▸ **Aim of the task**: The answer is a stretch of the material below, returned exactly: the line containing "STAREX D4BF PISTON STD TK 8771134 NURAL", the line containing "Sothassi Crossfire 500", and all lines between.

▸ **Records to use**:
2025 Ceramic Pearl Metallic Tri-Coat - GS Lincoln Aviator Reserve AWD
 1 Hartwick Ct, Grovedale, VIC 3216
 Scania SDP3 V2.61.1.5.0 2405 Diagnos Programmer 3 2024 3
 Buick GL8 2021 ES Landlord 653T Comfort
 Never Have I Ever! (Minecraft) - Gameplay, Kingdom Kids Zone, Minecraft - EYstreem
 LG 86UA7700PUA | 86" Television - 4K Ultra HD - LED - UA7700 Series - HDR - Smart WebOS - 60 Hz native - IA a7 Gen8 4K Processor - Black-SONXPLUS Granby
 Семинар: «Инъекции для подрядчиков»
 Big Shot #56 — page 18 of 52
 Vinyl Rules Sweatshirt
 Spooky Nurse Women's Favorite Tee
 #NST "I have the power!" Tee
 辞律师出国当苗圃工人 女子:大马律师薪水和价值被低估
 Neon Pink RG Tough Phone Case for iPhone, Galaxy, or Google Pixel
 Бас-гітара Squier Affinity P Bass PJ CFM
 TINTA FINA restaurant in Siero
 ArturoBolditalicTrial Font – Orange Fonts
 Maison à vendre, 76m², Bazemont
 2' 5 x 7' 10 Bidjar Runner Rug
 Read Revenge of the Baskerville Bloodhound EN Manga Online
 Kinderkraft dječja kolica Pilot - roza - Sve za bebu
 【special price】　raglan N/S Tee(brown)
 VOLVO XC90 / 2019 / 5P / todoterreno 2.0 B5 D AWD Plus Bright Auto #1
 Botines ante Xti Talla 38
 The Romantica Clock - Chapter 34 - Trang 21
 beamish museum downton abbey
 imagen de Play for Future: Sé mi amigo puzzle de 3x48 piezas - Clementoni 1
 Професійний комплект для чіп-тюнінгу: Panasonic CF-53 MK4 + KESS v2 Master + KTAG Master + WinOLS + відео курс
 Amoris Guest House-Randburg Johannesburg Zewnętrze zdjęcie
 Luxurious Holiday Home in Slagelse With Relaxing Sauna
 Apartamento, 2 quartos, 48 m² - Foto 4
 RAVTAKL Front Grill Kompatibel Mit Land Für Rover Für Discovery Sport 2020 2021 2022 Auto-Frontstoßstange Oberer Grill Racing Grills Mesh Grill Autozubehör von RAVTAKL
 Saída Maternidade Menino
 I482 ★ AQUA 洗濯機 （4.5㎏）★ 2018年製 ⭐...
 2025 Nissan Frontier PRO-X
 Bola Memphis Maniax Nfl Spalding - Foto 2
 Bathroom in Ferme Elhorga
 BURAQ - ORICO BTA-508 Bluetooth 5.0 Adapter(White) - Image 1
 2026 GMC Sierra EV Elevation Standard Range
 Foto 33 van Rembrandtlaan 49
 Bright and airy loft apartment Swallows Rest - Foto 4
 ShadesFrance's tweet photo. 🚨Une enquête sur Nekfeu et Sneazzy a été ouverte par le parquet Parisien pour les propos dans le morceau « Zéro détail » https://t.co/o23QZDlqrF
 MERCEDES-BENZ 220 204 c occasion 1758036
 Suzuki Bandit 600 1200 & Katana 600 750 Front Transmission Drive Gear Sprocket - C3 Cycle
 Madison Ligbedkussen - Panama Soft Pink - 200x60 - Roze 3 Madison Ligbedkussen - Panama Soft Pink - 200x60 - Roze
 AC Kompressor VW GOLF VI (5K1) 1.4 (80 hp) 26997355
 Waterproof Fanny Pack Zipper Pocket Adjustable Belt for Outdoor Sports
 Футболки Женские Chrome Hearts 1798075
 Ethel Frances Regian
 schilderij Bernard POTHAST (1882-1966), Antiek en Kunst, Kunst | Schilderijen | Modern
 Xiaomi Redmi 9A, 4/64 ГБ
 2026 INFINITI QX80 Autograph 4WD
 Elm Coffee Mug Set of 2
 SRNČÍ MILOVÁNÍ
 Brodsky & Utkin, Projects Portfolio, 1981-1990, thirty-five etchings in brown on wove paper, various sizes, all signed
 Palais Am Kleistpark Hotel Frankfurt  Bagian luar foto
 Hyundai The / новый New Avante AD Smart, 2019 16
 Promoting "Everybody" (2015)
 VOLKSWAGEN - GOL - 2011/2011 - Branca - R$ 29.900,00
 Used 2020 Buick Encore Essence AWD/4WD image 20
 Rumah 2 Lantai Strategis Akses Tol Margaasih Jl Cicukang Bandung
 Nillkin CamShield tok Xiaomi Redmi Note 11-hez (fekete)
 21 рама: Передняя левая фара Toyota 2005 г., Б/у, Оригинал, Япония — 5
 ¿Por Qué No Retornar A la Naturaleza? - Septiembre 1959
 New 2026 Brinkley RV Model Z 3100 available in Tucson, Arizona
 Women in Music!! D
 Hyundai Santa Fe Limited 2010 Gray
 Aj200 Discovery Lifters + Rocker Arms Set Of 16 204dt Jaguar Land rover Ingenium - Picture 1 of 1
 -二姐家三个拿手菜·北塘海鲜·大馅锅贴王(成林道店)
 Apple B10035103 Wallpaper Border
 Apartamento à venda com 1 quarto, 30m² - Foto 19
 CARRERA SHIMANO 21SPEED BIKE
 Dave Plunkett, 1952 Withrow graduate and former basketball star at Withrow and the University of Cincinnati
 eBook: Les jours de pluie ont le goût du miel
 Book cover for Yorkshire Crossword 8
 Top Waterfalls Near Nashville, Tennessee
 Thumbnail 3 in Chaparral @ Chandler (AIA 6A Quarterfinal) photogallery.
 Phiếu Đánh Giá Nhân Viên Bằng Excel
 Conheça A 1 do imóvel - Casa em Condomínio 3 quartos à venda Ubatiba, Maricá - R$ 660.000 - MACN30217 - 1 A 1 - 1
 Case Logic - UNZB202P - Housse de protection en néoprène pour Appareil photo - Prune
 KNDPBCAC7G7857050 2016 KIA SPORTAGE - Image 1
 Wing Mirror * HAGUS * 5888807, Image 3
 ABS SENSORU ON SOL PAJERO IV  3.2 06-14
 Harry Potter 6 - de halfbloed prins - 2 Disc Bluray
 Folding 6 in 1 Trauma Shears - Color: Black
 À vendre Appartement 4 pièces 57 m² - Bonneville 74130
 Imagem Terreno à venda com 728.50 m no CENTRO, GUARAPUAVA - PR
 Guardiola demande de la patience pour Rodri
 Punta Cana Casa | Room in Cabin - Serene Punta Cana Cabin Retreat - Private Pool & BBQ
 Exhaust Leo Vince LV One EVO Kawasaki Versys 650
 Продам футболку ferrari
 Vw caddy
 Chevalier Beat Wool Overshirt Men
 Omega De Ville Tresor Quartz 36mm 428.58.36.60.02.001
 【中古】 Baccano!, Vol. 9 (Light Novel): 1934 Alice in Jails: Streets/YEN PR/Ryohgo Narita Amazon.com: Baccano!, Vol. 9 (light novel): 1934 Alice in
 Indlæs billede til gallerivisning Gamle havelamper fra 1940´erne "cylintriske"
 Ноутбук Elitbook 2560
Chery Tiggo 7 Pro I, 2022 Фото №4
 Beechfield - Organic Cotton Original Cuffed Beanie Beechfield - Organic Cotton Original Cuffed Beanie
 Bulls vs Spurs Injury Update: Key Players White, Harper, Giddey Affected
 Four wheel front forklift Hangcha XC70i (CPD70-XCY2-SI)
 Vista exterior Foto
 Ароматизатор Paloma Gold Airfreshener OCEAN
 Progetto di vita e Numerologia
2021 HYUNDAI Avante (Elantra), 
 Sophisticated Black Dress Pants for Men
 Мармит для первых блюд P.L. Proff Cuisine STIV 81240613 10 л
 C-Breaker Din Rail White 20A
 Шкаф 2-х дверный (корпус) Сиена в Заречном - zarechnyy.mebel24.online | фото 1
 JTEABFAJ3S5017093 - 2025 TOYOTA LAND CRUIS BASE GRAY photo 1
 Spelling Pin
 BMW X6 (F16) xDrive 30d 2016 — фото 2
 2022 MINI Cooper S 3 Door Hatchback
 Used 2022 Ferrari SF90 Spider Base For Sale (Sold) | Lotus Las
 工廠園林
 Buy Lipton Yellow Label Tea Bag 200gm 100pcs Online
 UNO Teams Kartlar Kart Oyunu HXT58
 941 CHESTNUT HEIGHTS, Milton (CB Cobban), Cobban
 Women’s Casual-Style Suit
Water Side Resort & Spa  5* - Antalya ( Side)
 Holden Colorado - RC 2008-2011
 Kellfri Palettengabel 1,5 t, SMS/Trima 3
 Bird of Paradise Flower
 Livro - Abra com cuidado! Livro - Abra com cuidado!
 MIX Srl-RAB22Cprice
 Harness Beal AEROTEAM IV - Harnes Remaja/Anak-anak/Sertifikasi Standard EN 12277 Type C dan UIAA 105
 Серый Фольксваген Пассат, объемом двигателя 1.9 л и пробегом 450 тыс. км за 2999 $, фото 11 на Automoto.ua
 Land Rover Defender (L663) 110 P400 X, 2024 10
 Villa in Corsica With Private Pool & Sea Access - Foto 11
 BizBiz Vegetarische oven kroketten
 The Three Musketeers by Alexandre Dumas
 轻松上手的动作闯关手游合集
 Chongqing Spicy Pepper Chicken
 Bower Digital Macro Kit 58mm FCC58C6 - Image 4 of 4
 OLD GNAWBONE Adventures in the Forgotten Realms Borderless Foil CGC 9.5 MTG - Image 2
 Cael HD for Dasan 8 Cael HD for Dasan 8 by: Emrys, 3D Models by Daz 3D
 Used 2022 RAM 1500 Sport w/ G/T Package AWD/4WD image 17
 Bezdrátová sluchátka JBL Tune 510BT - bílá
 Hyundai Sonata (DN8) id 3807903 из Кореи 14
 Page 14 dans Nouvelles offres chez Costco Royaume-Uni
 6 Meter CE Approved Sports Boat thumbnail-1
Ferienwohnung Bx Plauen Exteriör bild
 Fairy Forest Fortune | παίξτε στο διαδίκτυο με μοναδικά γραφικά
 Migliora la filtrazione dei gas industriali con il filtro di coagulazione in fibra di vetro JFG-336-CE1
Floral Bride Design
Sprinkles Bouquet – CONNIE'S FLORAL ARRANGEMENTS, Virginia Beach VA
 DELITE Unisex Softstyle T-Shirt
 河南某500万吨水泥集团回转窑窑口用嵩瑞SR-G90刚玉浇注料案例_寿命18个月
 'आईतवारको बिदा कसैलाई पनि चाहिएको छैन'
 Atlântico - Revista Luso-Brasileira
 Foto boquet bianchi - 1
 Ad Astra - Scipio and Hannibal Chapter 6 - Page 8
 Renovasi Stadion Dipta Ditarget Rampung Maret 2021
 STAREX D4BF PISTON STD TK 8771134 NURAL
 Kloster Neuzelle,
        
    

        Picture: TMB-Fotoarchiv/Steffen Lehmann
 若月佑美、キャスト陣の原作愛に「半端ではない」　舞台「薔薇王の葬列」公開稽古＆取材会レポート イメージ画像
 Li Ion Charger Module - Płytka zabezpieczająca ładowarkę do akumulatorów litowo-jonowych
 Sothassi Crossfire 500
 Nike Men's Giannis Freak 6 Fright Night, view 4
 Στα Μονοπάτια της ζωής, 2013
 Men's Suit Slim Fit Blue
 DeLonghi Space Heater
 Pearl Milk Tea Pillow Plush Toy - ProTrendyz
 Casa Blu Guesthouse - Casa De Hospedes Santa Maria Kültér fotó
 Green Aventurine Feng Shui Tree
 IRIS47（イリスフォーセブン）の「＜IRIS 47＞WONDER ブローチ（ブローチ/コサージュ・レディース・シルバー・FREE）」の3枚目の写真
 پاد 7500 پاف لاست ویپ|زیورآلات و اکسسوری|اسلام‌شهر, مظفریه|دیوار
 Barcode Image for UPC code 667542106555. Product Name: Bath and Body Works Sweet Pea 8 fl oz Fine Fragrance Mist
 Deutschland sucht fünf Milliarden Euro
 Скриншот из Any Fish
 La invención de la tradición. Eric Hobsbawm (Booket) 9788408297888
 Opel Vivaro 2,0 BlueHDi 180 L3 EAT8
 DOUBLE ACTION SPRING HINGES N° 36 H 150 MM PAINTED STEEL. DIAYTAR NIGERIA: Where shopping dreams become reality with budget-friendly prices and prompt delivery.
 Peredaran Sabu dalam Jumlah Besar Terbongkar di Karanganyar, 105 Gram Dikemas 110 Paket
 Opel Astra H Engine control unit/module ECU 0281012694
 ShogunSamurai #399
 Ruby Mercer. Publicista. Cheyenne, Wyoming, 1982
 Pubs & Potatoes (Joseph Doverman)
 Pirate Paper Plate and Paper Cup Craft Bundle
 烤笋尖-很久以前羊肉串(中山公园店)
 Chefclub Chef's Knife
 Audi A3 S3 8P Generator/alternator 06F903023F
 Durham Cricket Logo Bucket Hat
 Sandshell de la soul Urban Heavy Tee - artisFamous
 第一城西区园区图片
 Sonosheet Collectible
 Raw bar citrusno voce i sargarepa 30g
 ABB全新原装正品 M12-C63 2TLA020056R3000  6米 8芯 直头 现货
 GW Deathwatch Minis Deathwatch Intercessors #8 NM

▸ **Solution to this task**:
 STAREX D4BF PISTON STD TK 8771134 NURAL
 Kloster Neuzelle,
        
    

        Picture: TMB-Fotoarchiv/Steffen Lehmann
 若月佑美、キャスト陣の原作愛に「半端ではない」　舞台「薔薇王の葬列」公開稽古＆取材会レポート イメージ画像
 Li Ion Charger Module - Płytka zabezpieczająca ładowarkę do akumulatorów litowo-jonowych
 Sothassi Crossfire 500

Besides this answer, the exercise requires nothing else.